Akibatnya, muncul praktik jual beli rekomendasi partai, politik uang, dan ketergantungan terhadap pemodal.
Pilkada yang berbiaya tinggi hanyalah cermin dari sistem politik nasional yang semakin mahal. Jika Pilkada saja menguras miliaran rupiah, maka Pemilihan Presiden (Pilpres) langsung jelas menghabiskan biaya yang jauh lebih besar, baik bagi negara maupun kandidat.
Karena itu, DPD RI perlu melangkah lebih jauh dari sekadar mengkritik. Sebagai lembaga perwakilan daerah yang juga bagian dari MPR RI, DPD memiliki peran strategis untuk memimpin gerakan reformasi politik menuju sistem pemilihan presiden melalui MPR RI.

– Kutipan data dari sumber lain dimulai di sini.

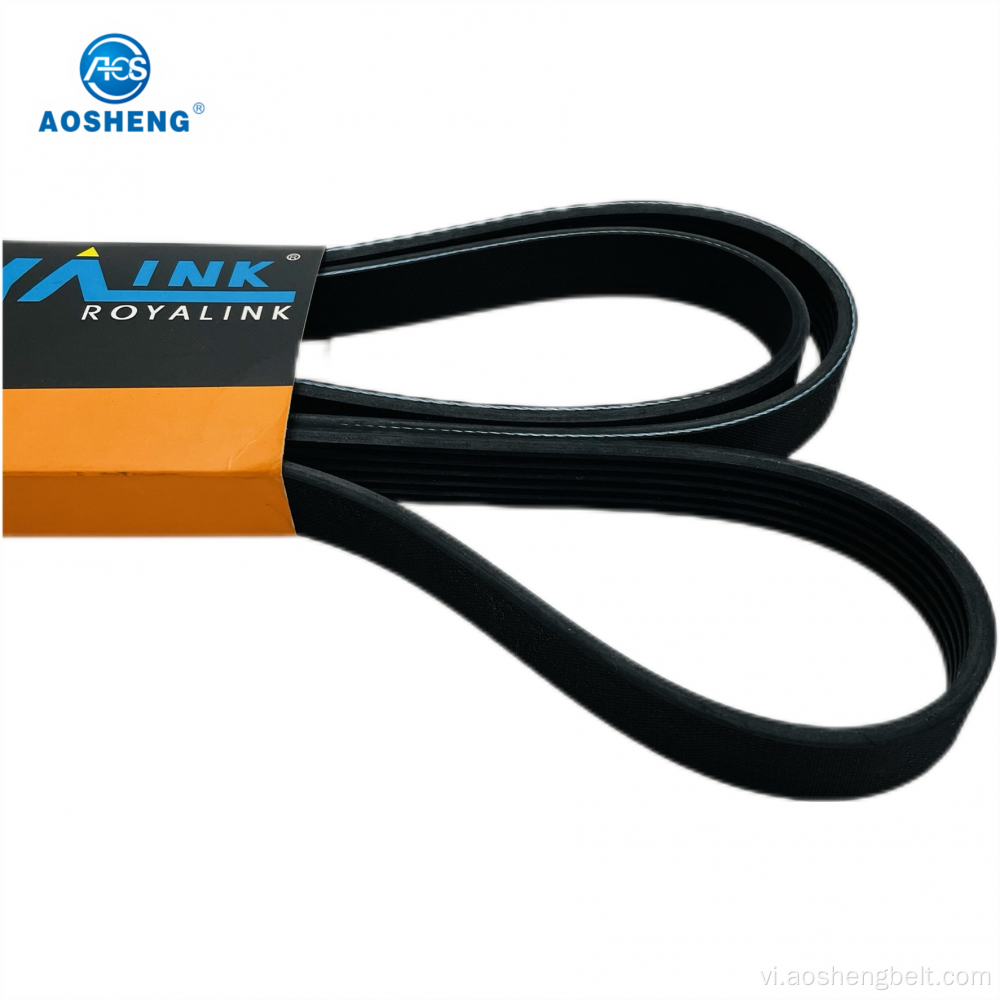 Cao su Auto Poly V Belt 8PK1215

Menata Ulang Demokrasi KonstitusionalSistem pemilihan presiden oleh MPR bukan kemunduran, melainkan jalan konstitusional untuk menekan biaya politik dan memperkuat permusyawaratan sebagai jati diri bangsa. Demokrasi tidak harus mahal, asalkan dijalankan dengan integritas dan tanggung jawab.

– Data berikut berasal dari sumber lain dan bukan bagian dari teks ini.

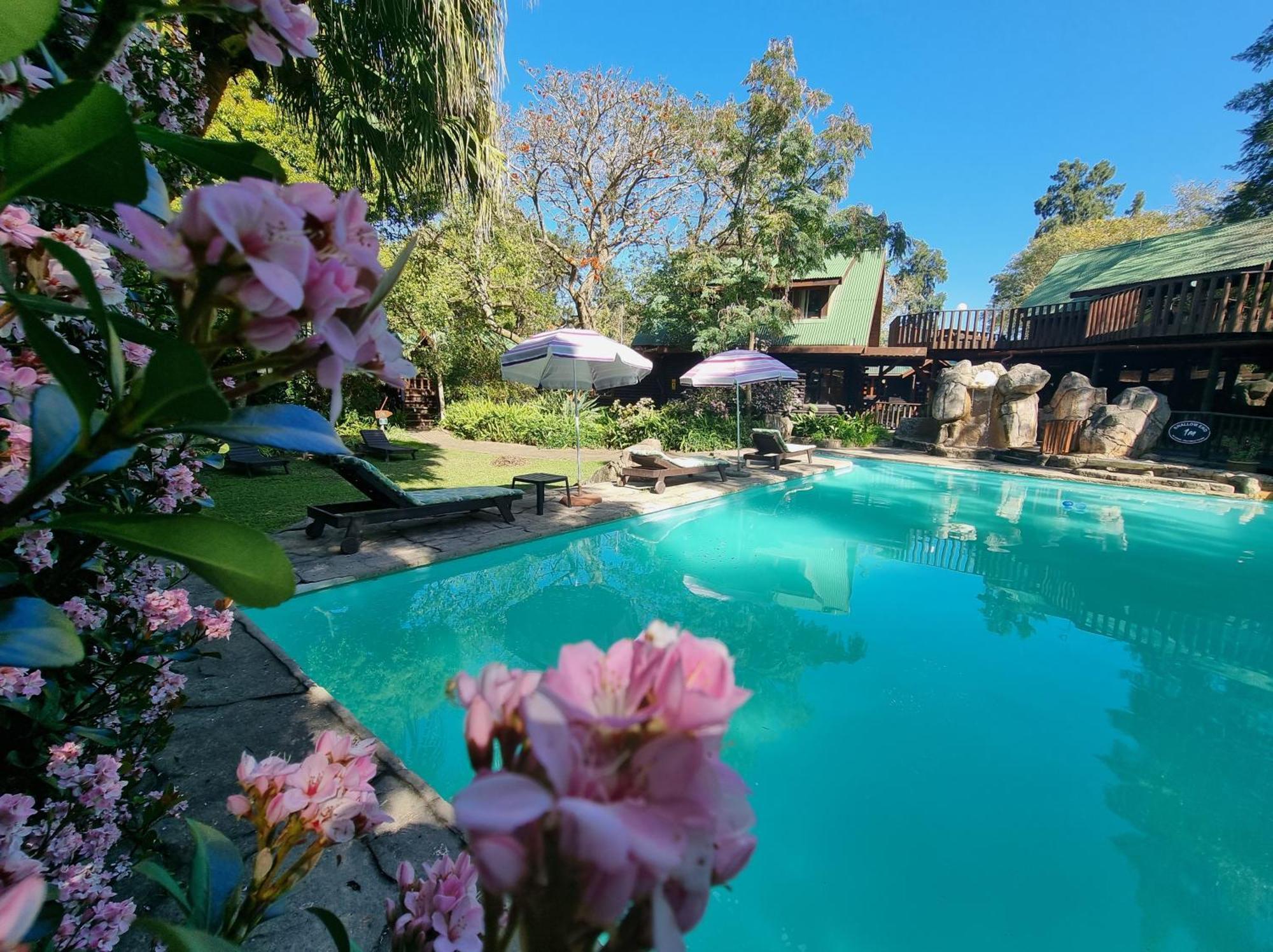 Tsitsikamma Lodge & Spa Stormsrivier Dış mekan fotoğraf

Sudah saatnya DPD RI, yang seluruh anggotanya juga anggota MPR RI, mendukung langkah Presiden dalam merawat konstitusi serta memutus utang budi elektoral yang selama ini membelenggu pemerintahan.
Dukungan itu harus disertai upaya menghapus polarisasi politik individual dan relawan yang sering dibackup oleh kekuatan oligarkis dan feodalistis.
Politik semacam itu cenderung Jawa-sentris dan menjauh dari semangat Indonesia-sentris yang menempatkan semua daerah dalam posisi setara.